- Work item: Your job is to return each record exactly, minus any pictures.

- Short web captions:

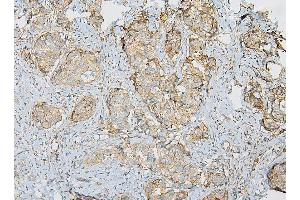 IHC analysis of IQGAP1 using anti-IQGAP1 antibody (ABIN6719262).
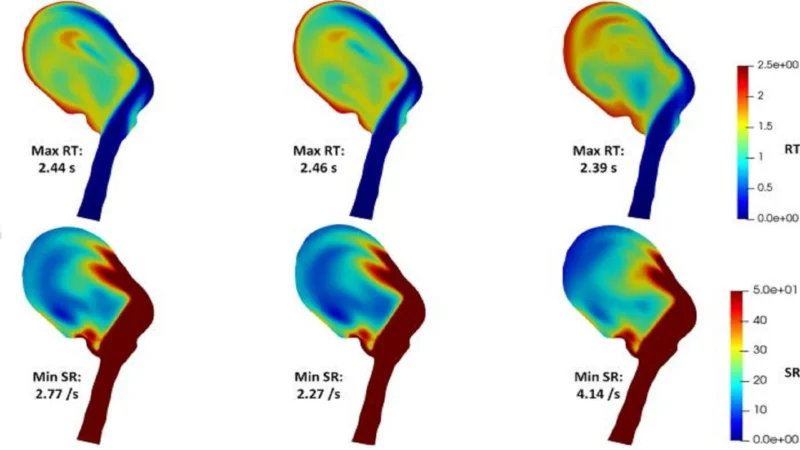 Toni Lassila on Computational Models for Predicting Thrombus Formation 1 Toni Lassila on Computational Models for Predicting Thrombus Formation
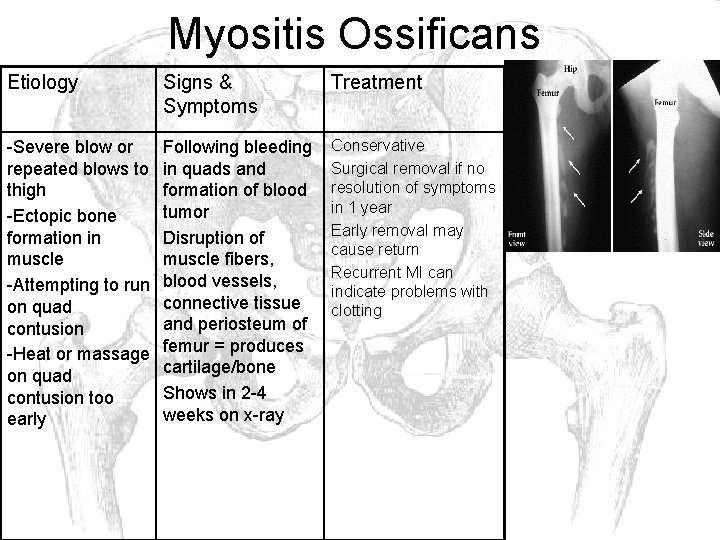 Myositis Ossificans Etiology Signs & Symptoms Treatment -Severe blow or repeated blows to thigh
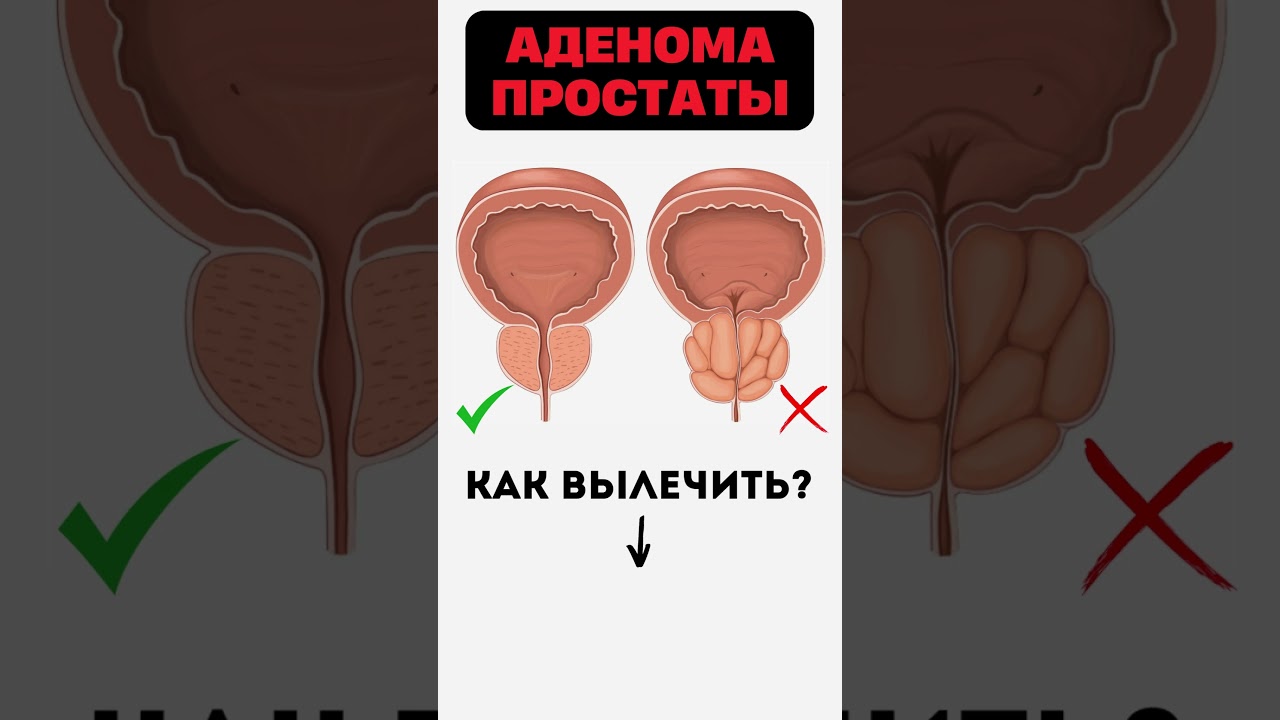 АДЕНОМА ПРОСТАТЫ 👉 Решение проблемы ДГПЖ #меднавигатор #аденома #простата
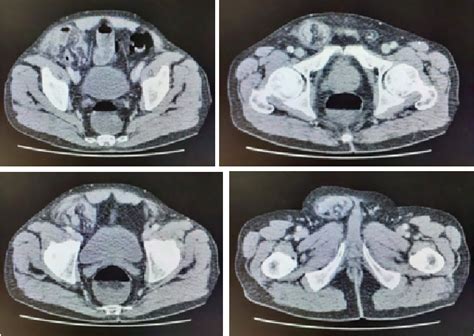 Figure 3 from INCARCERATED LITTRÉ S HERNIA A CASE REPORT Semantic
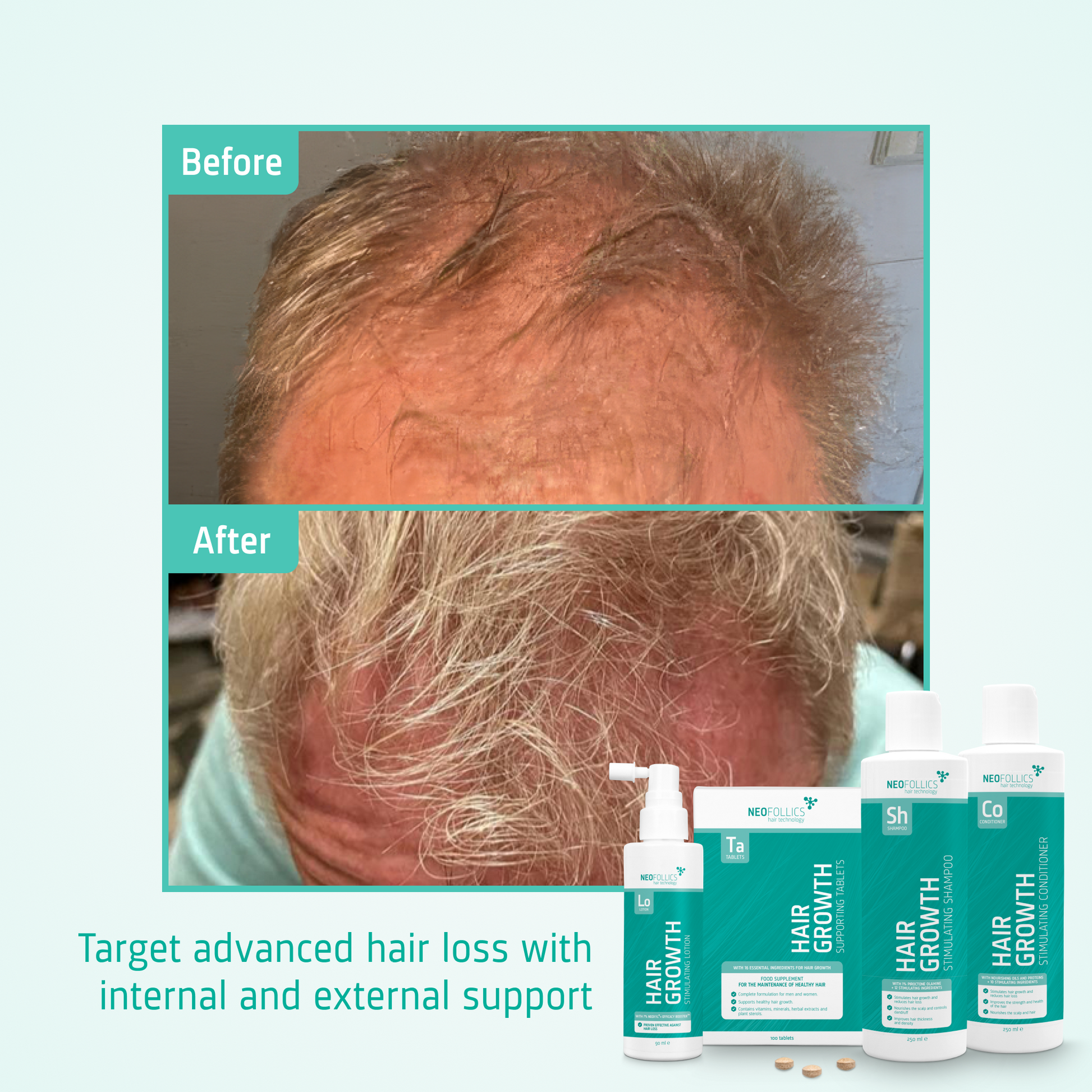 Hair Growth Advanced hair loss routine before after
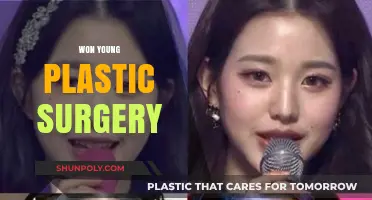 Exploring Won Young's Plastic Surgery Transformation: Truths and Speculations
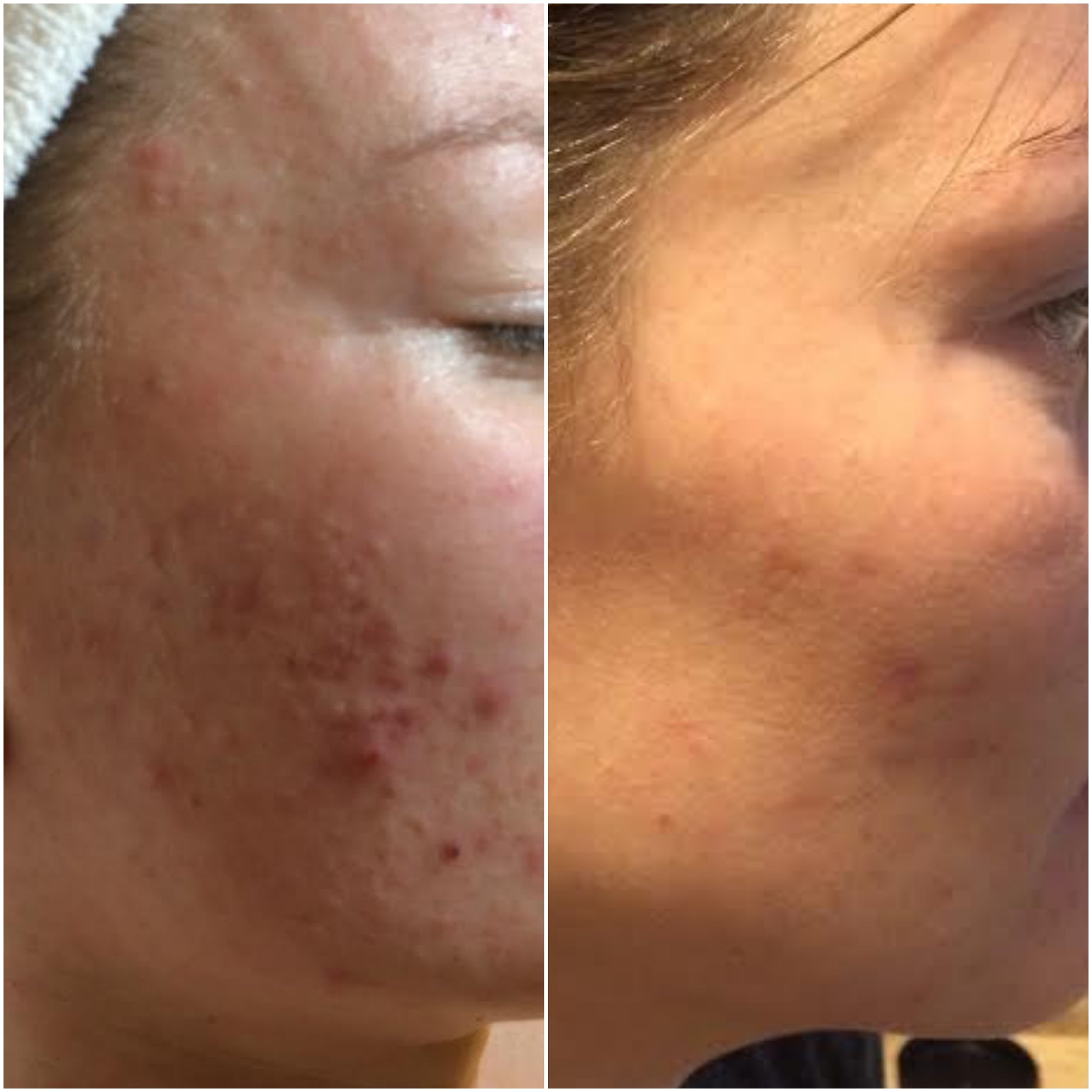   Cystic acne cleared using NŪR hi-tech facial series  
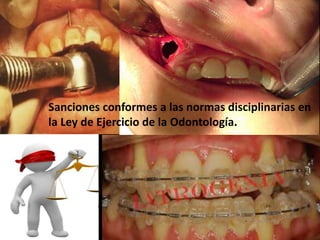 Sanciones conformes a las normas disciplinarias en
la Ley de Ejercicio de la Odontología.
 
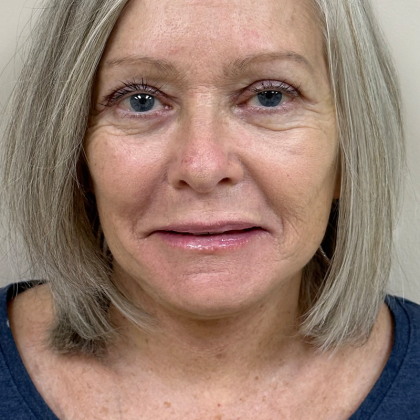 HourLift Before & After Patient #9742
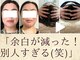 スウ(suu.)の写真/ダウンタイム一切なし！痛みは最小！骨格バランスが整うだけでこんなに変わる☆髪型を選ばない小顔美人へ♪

- Exercise answer:
 IHC analysis of IQGAP1 using anti-IQGAP1 antibody (ABIN6719262).
 Toni Lassila on Computational Models for Predicting Thrombus Formation 1 Toni Lassila on Computational Models for Predicting Thrombus Formation
 Myositis Ossificans Etiology Signs & Symptoms Treatment -Severe blow or repeated blows to thigh
 АДЕНОМА ПРОСТАТЫ 👉 Решение проблемы ДГПЖ #меднавигатор #аденома #простата
 Figure 3 from INCARCERATED LITTRÉ S HERNIA A CASE REPORT Semantic
 Hair Growth Advanced hair loss routine before after
 Exploring Won Young's Plastic Surgery Transformation: Truths and Speculations
   Cystic acne cleared using NŪR hi-tech facial series  
 Sanciones conformes a las normas disciplinarias en
la Ley de Ejercicio de la Odontología.
 
 HourLift Before & After Patient #9742
 スウ(suu.)の写真/ダウンタイム一切なし！痛みは最小！骨格バランスが整うだけでこんなに変わる☆髪型を選ばない小顔美人へ♪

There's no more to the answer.